The kind of pseudo-investigative documentary in which handpicked pundit and Queensryche singer Geoff Tate gets more face time than Noam Chomsky, Programming the Nation? fails to stick to its stated subject or to coherently fit it into well-trod America-as-propaganda-mill boilerplate. First-time director Jeff Warrick, a former advertising account exec, wobbles from the start in mixing 9/11 news audio with shots of Ground Zero reconstruction, presumably to later tie it in to his ostensible history of subliminal messaging in America. No luck there, and though Warrick's background compels him to keep the snazzy graphics, sliced-and-diced interviews, and clips of everything from The X-Files to a Muzak lampoon by comic Neil Innes rolling for nearly two hours, he evades and fails to ask the right questions as often as he informs—and then usually with far less punch than his interviewees have managed for decades. (When media critic Mark Crispin Miller or Democracy Now!'s Amy Goodman appear for a few soundbites, you long for them to usurp the production.)
Programming the Nation? isn't even on solid ground when exploring the start of subliminal communication in the 1950s. Relying on Wilson Bryan Key, author of several '70s bestsellers on the practice, as a primary authority, it retells the familiar basics of "the Vicary experiment" in which split-second flashes of suggestive text projected during a showing of Picnic boosted concession sales. But when Warrick reveals Vicary's later admission that his study was a scam, he merely clucks at Key's populariztion of it rather than confront him. A montage of sexual images in liquor and cigarette print ads offers circumstantial evidence against the ad industry's stony insistence that it doesn't practice hidden messaging, but the doc is on much sillier ground going over "backwards masking" issues dating back to the Beatles and a Judas Priest trial involving the suicide of a teen fan (cue, for no compelling reason other than his status as the filmmaker's fave, Tate).

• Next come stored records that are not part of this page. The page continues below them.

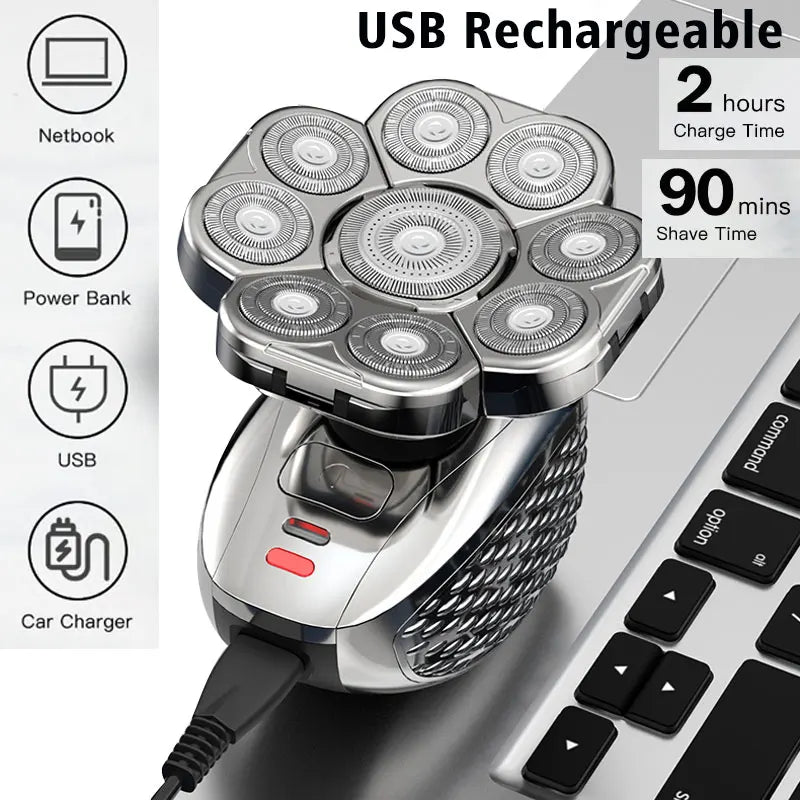 Men'S Bald Head Electric Shaver 9 Blades Floating 6In1 Heads Beard Nose Ear Hair Trimmer Clipper Facial Brush Rechargeable Razor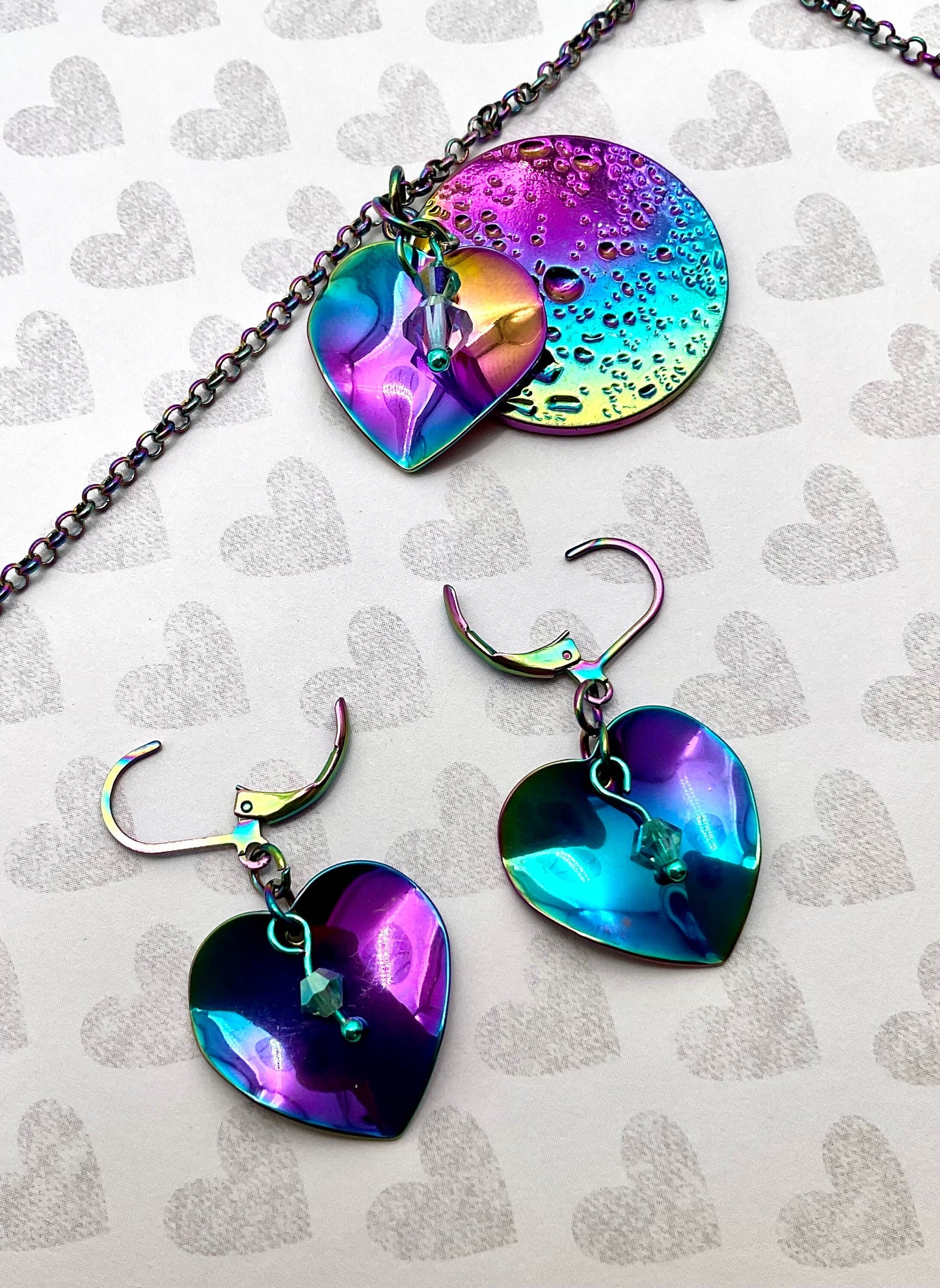 Iridescent Rainbow Heart Necklace and Earring Set with Crystal Accents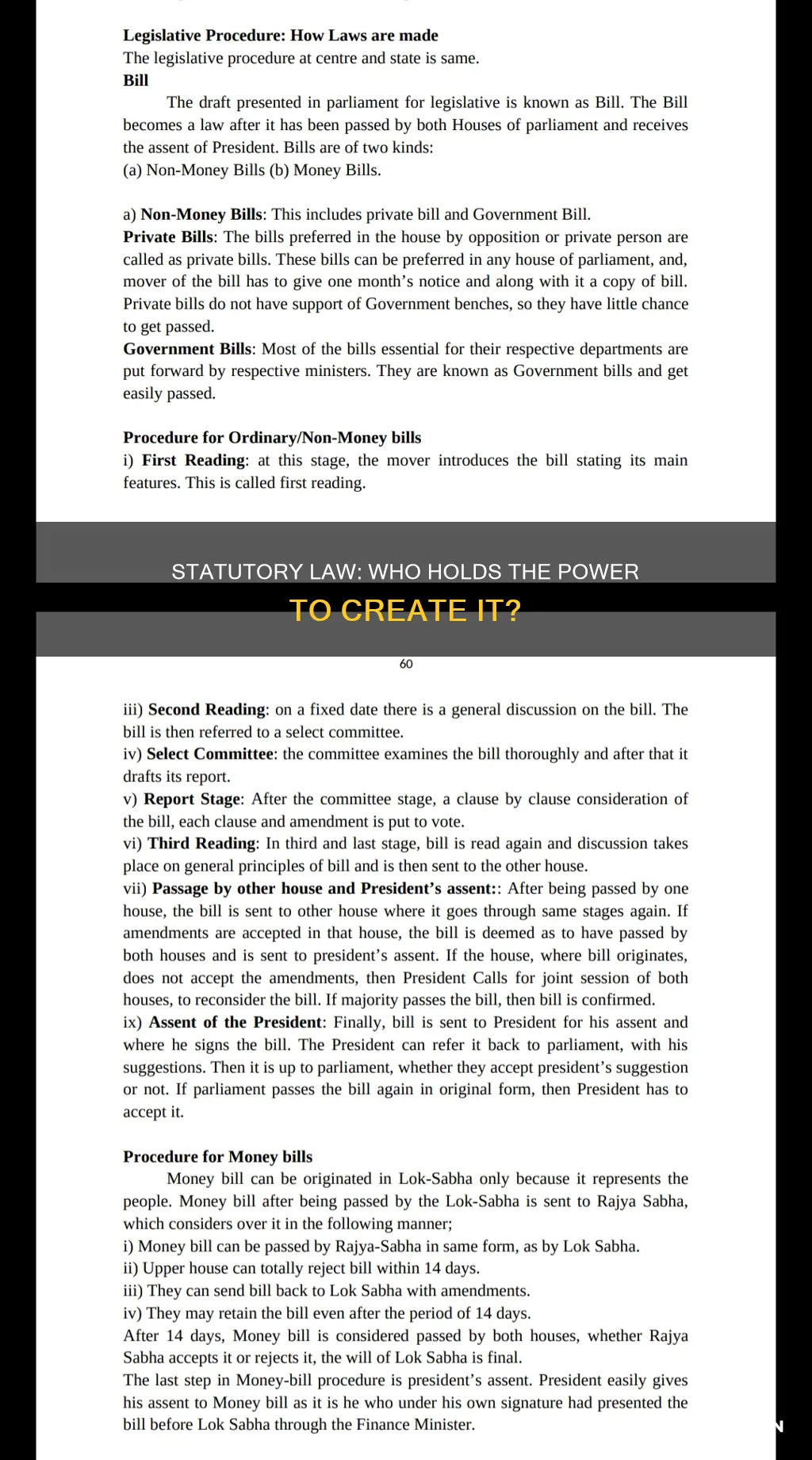 who creates statutory law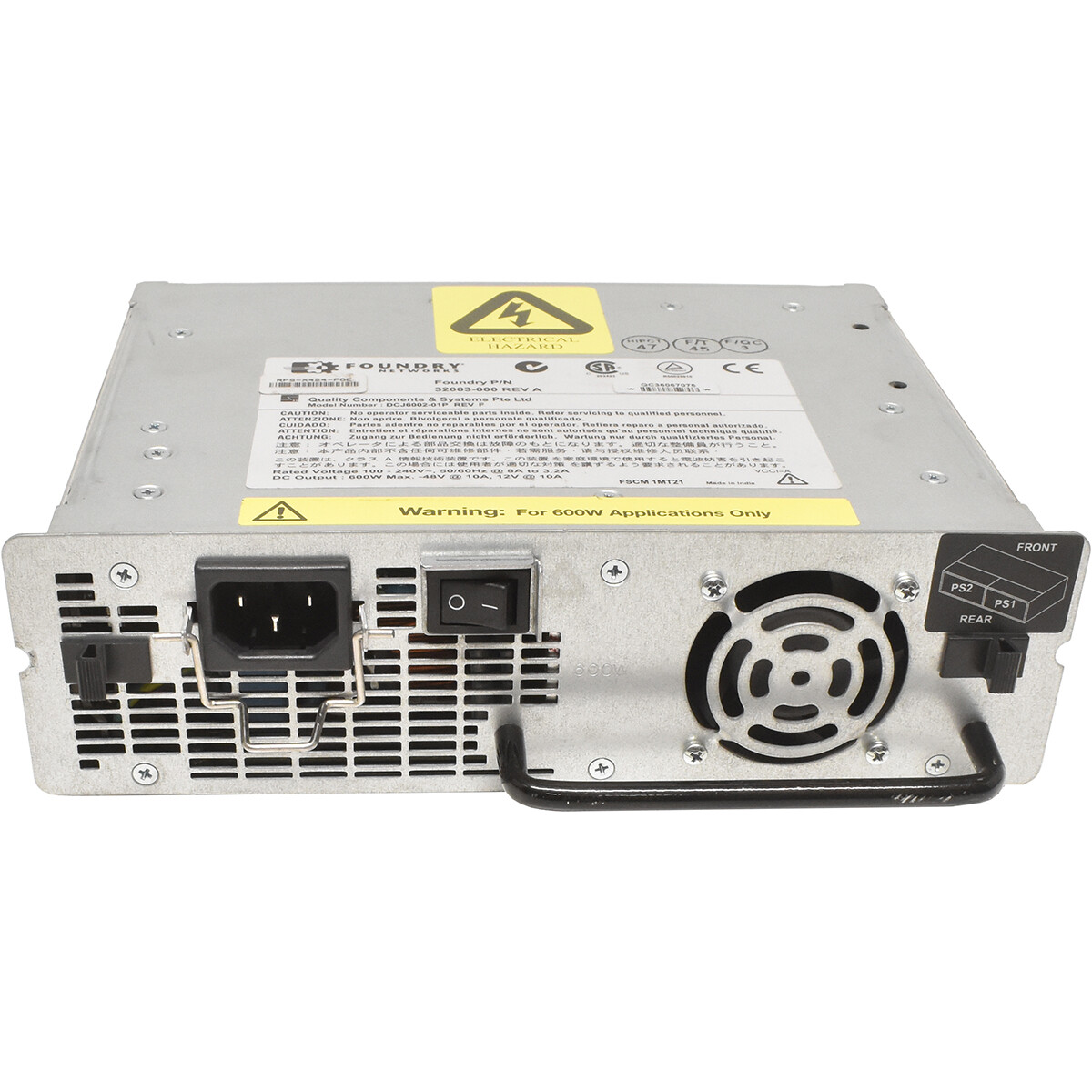 Foundry Networks Power Supply / PSU 600W for RPS8 DCJ6002-01P 32003-000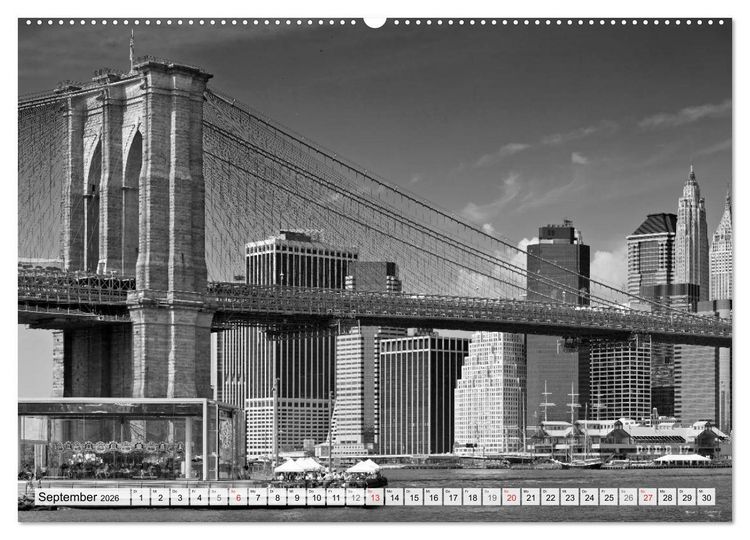 Produktbild: BROOKLYN BRIDGE Das Wahrzeichen von New York City (hochwertiger Premium Wandkalender 2026 DIN A2 quer), Kunstdruck in Hochglanz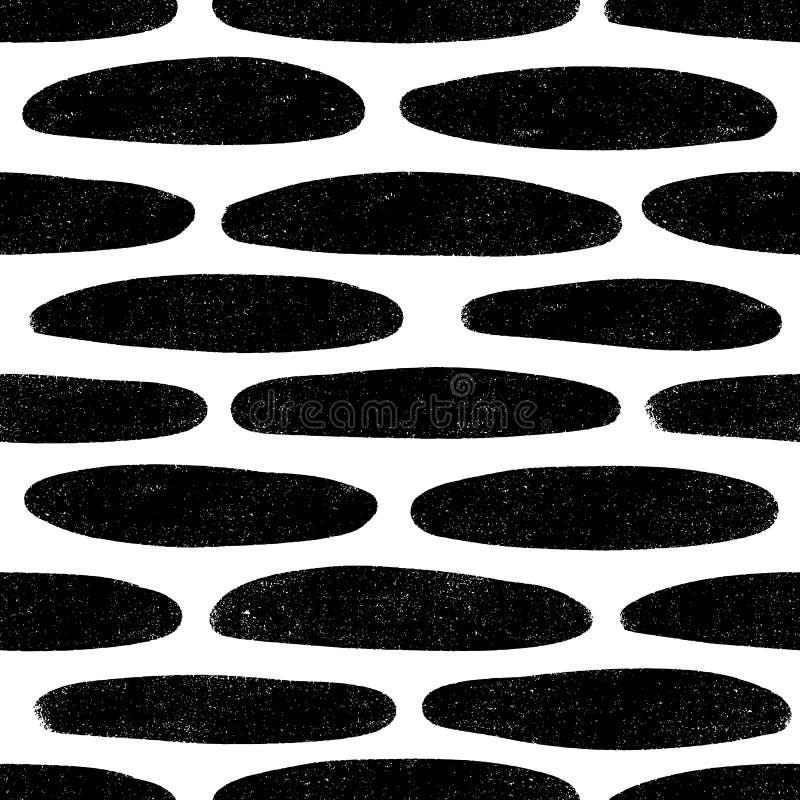 Irregular Textured Oval Shapes Seamless Pattern. Stock Vector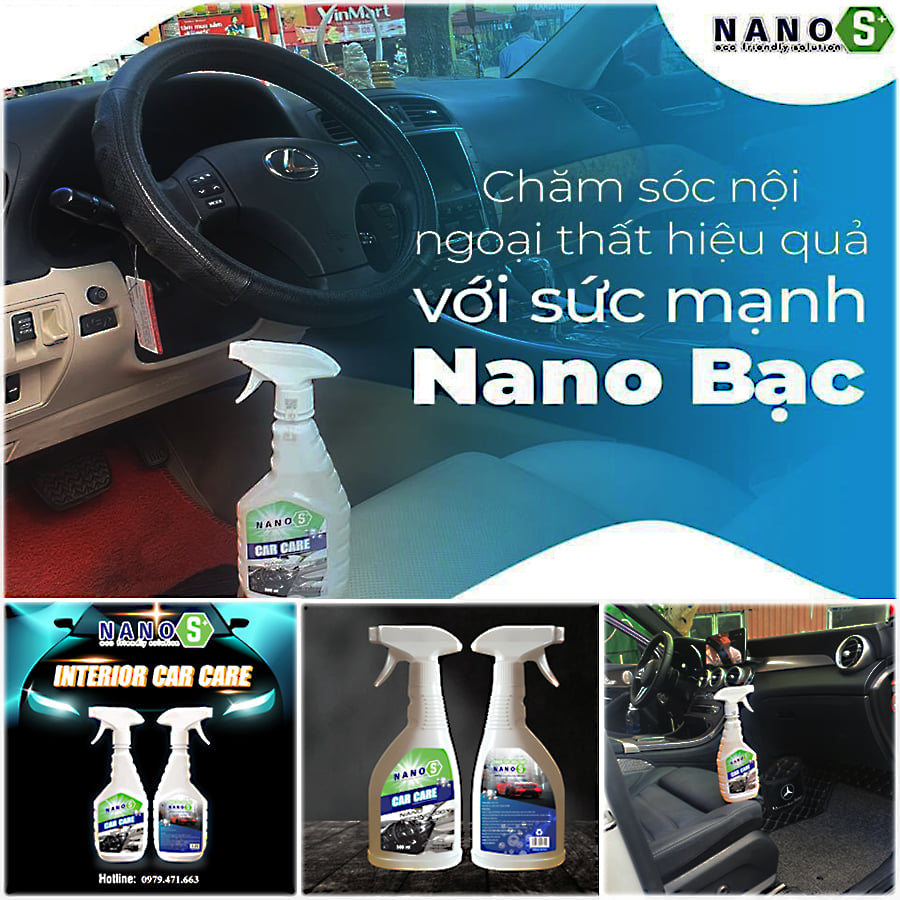 Nước vệ sinh nội thất xe ô tô Nano S* Car Care - Nano Bạc khử khuẩn 100% thiên nhiên, hương thơm nước hoa 500ml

Warrick finally admits that he and some of his talking heads are expanding the definition of "subliminal" (something that's obvious when he cites entirely perceptible cuts in Hitchcock films, or product placement in movies), but he loses all of his remaining credibility when flimsily suggesting a Bush ad featuring a split-second flash of the word "RATS" decided the 2000 election, or in giving a government communications project that "disturbs the ionosphere" such little screen time that its effects remain unfathomable. A wandering commitment to the topic and shortage of hard evidence about the scale of subliminal communication undermines the film's integrity, and makes this buffet of paranoia easy to dismiss for lack of relevance.